TRIBUNNEWS.COM, JAKARTA - Dua dari tujuh tersangka kasus bom molotov di Gereja Oikumene Sengkotek, Samarinda, Kalimantan Timur pada 13 November lalu, yakni RPP (15) dan GAP (16) hari ini dilimpahkan ke Kejaksaan Agung untuk selanjutnya siap disidangkan.
"Kasus bom Samarinda tersangkanya ada tujuh, yang menarik dua diantaranya anak-anak, RPP dan GAP. Kami sangat prihatin," ujar Kadiv Humas Mabes Polri, Irjen Boy Rafli Amar, Rabu (30/11/2016) di Mabes Polri.
Boy Rafli Amar melanjutkan karena mereka masih anak-anak, maka proses peradilannya berdasarkan pada UU Sistem Peradilan Pidana anak.
"Meski dikenakan UU Terorisme, tapi karena mereka anak-anak, penanganannya khusus. Tangkap 1x24 jam, tujuh hari diperiksa dan sebelum 120 hari mereka harus langsung dilimpahkan ke JPU," ujar Boy Rafli Amar.
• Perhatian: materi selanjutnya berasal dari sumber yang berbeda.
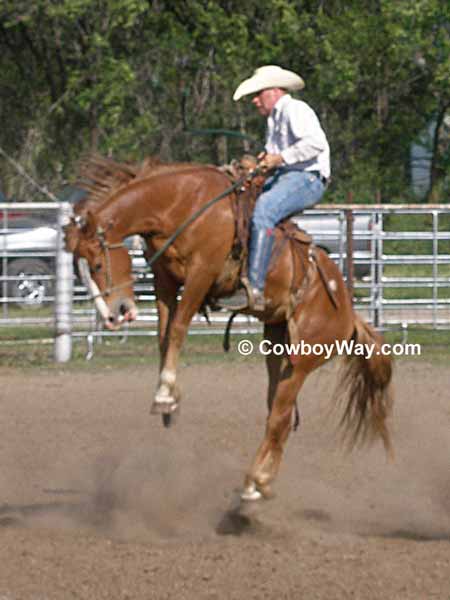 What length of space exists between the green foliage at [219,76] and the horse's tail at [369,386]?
16.6 meters

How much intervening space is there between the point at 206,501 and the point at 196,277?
1.49m

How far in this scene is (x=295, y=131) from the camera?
711cm

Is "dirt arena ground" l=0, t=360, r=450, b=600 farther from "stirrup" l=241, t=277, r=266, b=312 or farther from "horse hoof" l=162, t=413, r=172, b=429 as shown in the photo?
"stirrup" l=241, t=277, r=266, b=312

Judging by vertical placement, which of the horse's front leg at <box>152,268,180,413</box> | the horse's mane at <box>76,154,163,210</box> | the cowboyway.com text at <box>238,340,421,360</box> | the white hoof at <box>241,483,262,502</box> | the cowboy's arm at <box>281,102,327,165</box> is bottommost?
the white hoof at <box>241,483,262,502</box>

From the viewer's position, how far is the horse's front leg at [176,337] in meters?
6.64

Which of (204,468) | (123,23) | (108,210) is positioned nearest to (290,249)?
(108,210)

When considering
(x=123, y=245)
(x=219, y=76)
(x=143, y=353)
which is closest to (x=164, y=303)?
(x=123, y=245)

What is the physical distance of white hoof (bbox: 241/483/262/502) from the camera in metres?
6.98

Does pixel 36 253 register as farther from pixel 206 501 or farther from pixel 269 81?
pixel 269 81

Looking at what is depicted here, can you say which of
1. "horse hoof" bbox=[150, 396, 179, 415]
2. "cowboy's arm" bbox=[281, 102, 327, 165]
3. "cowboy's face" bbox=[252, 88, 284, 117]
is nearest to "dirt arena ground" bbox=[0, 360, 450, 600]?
"horse hoof" bbox=[150, 396, 179, 415]

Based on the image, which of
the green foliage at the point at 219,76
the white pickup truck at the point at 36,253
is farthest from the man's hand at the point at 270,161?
the green foliage at the point at 219,76

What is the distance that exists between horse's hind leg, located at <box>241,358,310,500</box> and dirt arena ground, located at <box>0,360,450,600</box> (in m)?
0.15

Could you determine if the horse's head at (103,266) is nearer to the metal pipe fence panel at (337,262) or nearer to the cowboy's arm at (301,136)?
the cowboy's arm at (301,136)

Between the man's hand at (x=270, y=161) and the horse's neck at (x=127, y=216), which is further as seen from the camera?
the man's hand at (x=270, y=161)
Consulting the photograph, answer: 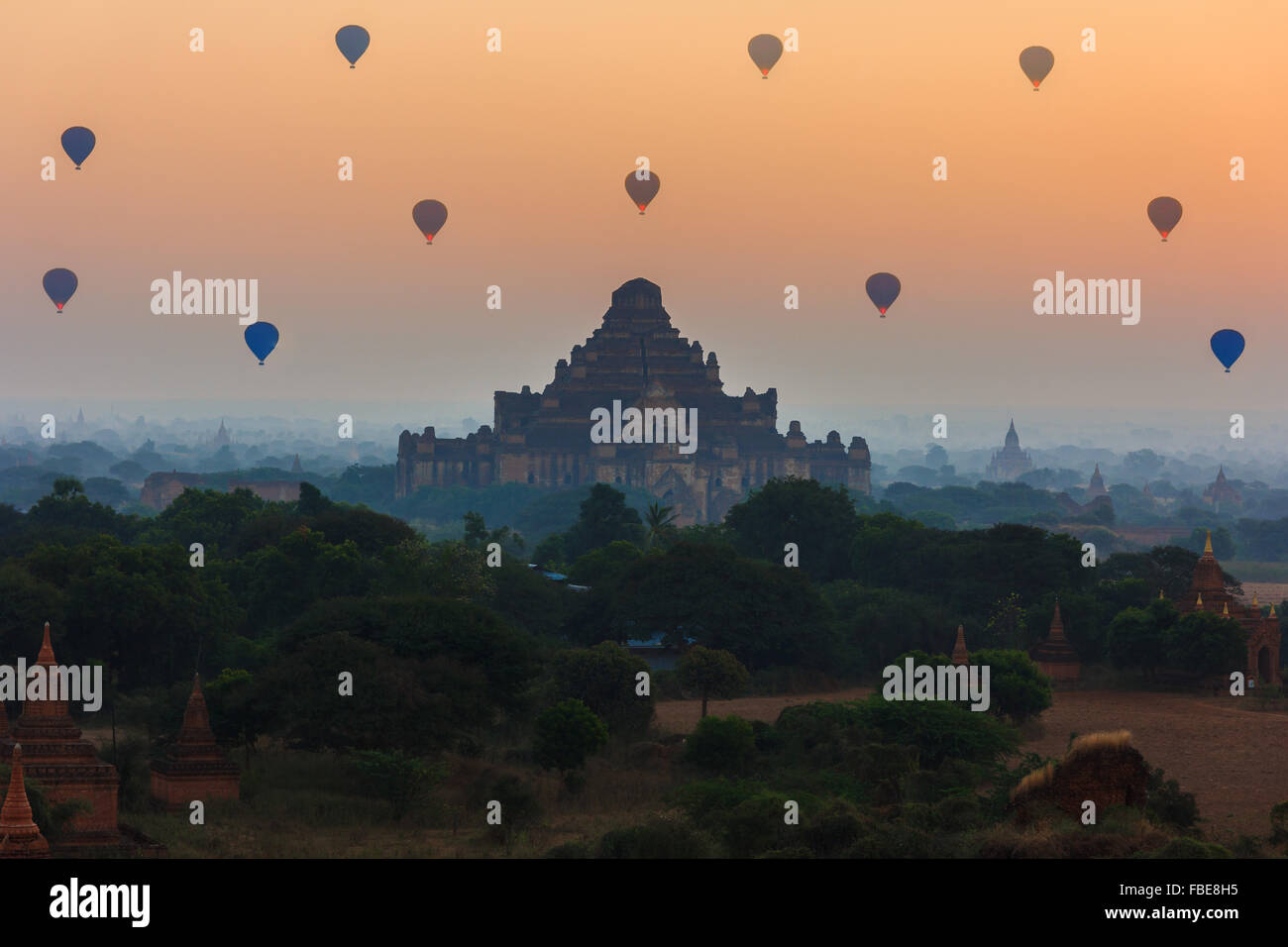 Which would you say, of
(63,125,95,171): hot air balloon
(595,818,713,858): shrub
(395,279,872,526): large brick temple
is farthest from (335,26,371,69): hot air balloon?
(395,279,872,526): large brick temple

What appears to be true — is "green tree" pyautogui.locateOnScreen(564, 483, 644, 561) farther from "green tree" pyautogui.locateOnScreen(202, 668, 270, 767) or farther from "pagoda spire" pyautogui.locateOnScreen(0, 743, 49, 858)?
"pagoda spire" pyautogui.locateOnScreen(0, 743, 49, 858)

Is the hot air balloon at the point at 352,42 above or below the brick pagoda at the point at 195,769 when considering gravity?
above

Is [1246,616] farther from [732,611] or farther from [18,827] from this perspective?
[18,827]

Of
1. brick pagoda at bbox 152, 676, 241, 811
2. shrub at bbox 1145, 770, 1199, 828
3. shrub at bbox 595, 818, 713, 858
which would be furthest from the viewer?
brick pagoda at bbox 152, 676, 241, 811

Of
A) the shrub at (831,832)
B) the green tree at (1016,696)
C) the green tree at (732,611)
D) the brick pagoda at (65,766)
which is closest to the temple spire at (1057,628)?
the green tree at (732,611)

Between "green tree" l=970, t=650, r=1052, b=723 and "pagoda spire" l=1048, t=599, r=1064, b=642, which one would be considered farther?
"pagoda spire" l=1048, t=599, r=1064, b=642

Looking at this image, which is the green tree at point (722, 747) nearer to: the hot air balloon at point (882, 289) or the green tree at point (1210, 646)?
the green tree at point (1210, 646) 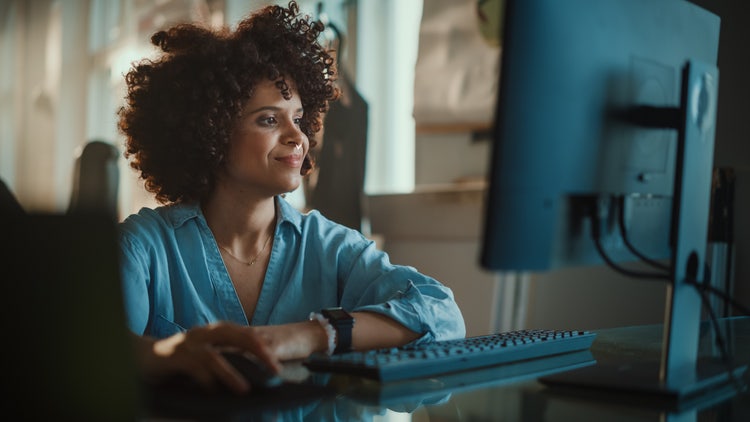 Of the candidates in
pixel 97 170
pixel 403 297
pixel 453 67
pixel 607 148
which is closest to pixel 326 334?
pixel 403 297

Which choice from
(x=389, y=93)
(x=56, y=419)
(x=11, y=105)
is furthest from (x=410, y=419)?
(x=11, y=105)

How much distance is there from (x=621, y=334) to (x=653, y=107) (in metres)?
0.61

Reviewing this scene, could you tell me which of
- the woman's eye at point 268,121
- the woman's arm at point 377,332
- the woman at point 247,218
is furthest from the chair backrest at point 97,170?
the woman's arm at point 377,332

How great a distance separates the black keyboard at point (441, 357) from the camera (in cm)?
92

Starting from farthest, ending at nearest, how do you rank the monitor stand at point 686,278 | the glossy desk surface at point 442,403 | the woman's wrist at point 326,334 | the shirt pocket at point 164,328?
the shirt pocket at point 164,328 < the woman's wrist at point 326,334 < the monitor stand at point 686,278 < the glossy desk surface at point 442,403

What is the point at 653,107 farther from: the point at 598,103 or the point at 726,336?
the point at 726,336

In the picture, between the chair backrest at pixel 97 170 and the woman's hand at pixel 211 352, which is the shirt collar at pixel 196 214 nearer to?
the woman's hand at pixel 211 352

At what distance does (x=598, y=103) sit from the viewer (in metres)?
0.89

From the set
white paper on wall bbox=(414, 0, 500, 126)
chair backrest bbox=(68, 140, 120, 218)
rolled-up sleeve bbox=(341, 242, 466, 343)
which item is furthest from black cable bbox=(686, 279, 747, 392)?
chair backrest bbox=(68, 140, 120, 218)

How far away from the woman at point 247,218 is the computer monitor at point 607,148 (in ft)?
1.41

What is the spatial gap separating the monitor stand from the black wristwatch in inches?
13.8

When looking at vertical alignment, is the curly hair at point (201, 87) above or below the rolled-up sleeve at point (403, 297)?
above

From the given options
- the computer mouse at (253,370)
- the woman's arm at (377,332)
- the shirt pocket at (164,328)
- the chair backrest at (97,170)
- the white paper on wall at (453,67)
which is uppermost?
the white paper on wall at (453,67)

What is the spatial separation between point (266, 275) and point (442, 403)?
833mm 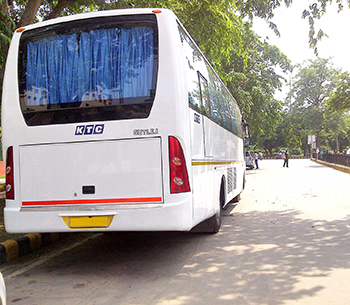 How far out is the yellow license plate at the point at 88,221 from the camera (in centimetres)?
521

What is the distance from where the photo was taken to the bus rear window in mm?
5301

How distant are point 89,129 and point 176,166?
45.2 inches

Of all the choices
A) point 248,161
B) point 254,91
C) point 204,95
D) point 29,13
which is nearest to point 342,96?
point 254,91

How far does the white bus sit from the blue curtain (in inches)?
0.5

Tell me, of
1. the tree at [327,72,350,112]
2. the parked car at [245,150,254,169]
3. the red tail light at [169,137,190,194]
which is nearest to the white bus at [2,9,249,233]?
the red tail light at [169,137,190,194]

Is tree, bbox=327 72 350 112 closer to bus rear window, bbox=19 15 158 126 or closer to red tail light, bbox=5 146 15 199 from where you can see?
bus rear window, bbox=19 15 158 126

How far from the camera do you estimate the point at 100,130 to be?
5.29m

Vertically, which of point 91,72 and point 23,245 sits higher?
point 91,72

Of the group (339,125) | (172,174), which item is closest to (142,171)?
(172,174)

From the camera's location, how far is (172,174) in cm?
518

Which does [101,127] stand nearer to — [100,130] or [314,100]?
[100,130]

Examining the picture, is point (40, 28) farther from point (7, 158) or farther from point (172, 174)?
point (172, 174)

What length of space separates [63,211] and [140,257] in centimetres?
143

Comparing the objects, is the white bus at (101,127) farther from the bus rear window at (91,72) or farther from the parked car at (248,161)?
the parked car at (248,161) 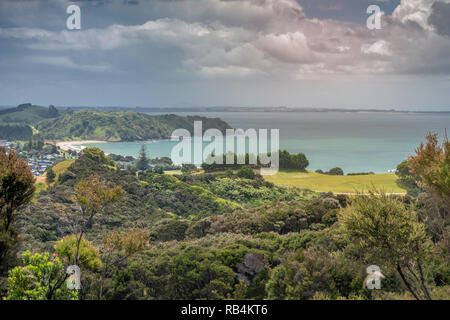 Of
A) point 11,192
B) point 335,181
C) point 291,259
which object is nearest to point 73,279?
point 11,192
Lebih lanjut, Boy Rafli Amar menuturkan tersangka GAP adalah anak dari tersangka kasus yang sama bernama Joko Sugito.
Joko Sugito sendiri adalah tokoh JAD di Kalimantan Timur yang ditunjuk berdasarkan pertemuan JAD se-Indonesia pada 2015 lalu di Batu, Malang.
"GAP, anaknya Joko Sugito. Dimana oleh Joko Sugito, GAP sempat disekolahkan di Pospes Inbu Masud di Bogor milik Aman Abdurahman. Menurut informasi sampai saat ini pospes itu masih beroperasi," ujar Boy Rafli Amar.
Untuk diketahui, dalam kasus ini, Densus 88 menetapkan tujuh tersangka, mereka yakni Juhanda (33), Supriadi, GA (16), RP (17), Ahmadani (18), Ragmad (33), dan Joko Sugito.
Ketujuh tersangka ini adalah jaringan JAD di Kalimantan Timur yang diketuai oleh Joko Sugito.
Kini lima tersangka yang usianya dewasa masih ditahan di Mako Brimob Kelapa Dua, Depok, Jawa Barat.
Atas peristiwa ini, tercatat ada empat korban yang seluruhnya adalah balita.
Satu korban meninggal dunia setelah menjalani perawatan.
Sementara tiga korban lagi masih menjalani perawatan di rumah sakit.